This seems like a very close issue as raised in Lucretius Book 3 when he points out that even if our atoms were rearranged later due to the effects of infinite time and space, that would still not be "us" because of the absence of continuous memory.
However I am not sure as I reread that whether Lucretius is making a specific assertion that continued memory is somehow necessarily impossible. He may be relying solely on the objection that we don't remember any past lives, which I gather he is taking as sufficient proof that these rearrangements have already happened.
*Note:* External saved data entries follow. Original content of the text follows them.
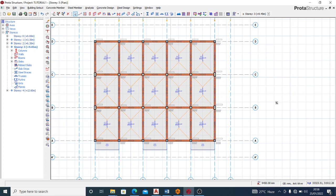Today I'll be taking you through a very simple tutorial on how to detail your slabs with Prota Structure — how to go about your slab detailing with Prota Structure. Up till this point I have shown several tutorials on Prota Structure.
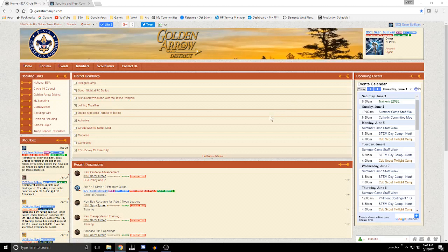Hello and welcome to the Golden Arrow Community Site tutorial on how to manage your account settings, look at members, and set up and use the friends capability.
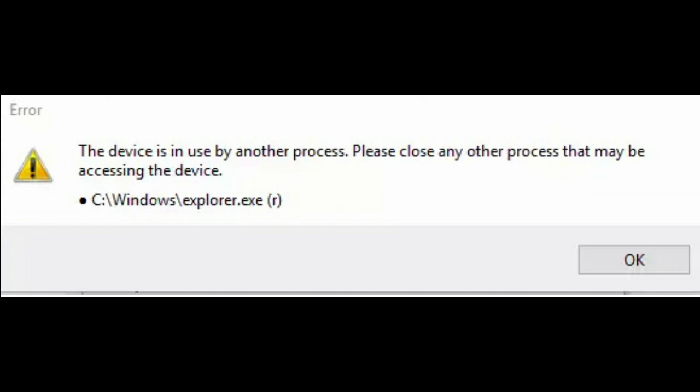Hi guys, are you facing issues with Rufus trying to create a bootable USB or SD card? And then you get the error, the device is being used by another process. Please close any process that may be accessing the device.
He may well be inferring from the fact that we have no such memories that this is sufficient proof that the break is a matter of fact regardless of the cause.
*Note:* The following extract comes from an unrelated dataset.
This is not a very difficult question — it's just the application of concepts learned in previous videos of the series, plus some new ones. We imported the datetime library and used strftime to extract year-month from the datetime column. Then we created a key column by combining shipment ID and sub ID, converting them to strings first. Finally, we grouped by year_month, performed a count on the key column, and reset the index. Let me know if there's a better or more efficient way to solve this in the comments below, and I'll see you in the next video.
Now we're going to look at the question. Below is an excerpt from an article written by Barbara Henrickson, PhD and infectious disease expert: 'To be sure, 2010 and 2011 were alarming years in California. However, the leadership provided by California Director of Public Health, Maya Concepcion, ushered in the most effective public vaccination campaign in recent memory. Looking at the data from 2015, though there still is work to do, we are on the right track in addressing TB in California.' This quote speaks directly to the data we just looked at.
I tend to think that that is his reasoning and that given the implications of infinite universe/eternal time that the inference is sound.
3-843
And even if the nature of mind and the power of soul has feeling, after it has been rent asunder from our body, yet it is naught to us, who are made one by the mating and marriage of body and soul. Nor, if time should gather together our substance after our decease and bring it back again as it is now placed, if once more the light of life should be vouchsafed to us, yet, even were that done, it would not concern us at all, when once the remembrance of our former selves were snapped in twain. And even now we care not at all for the selves that we once were, not at all are we touched by any torturing pain for them. For when you look back over all the lapse of immeasurable time that now is gone, and think how manifold are the motions of matter, you could easily believe this too, that these same seeds, whereof we now are made, have often been placed in the same order as they are now; and yet we cannot recall that in our mind’s memory; for in between lies a break in life, and all the motions have wandered everywhere far astray from sense.